Later on, at a dinner in a nearby restaurant, the group ordered platters of octopus arms, fried cheese, ceviche and rum cocktails. They began debating whether to buy Puerto Rico’s Roosevelt Roads Naval Station, which measures 9,000 acres and has two deepwater ports and an adjacent airport. The only hitch: It’s a Superfund cleanup site.
Mr. Pierce had fallen asleep by then, his hat tilted down and arms crossed. He gets two hours of sleep many nights, often on a firm grounding mat to stay in contact with the earth’s electric energy. Josh Boles, a tall, athletic man who is another crypto expat, picked him up, and the group headed back to the Monastery.

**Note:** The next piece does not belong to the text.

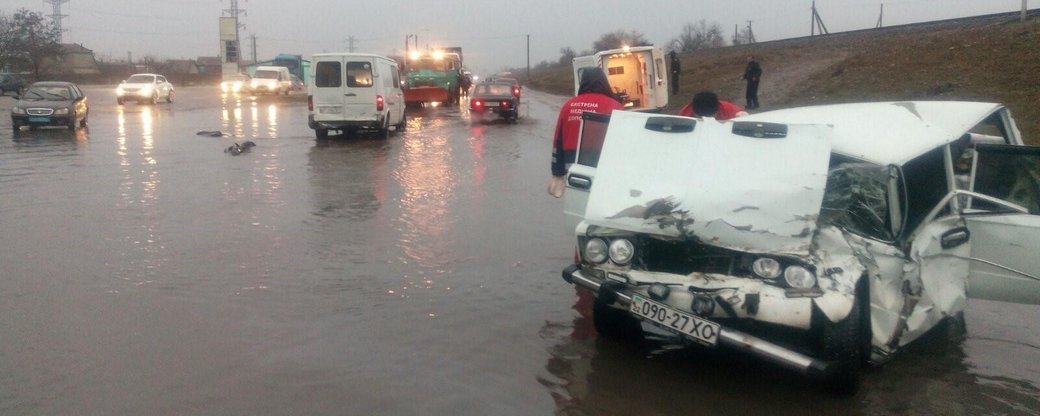З’явилося відео з місця смертельної аварії за участю трьох автомобілів на Херсонщині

They walked past a big pink building in an old town square, the start of their vision for Puertopia’s downtown. Once a children’s museum, they plan on making it a crypto clubhouse and outreach center that will have the mission “to bring together Puerto Ricans with Puertopians.”
Workdays are casual in Puertopia. One morning, Bryan Larkin, 39, and Reeve Collins, 42, were working at another old hotel, the Condado Vanderbilt, where they had their laptops on a pool bar with frozen piña coladas on tap.
“We’re going to make this crypto land,” Mr. Larkin said.
Mr. Larkin has mined about $2 billion in Bitcoin and is the chief technology officer of Blockchain Industries, a publicly traded company based in Puerto Rico.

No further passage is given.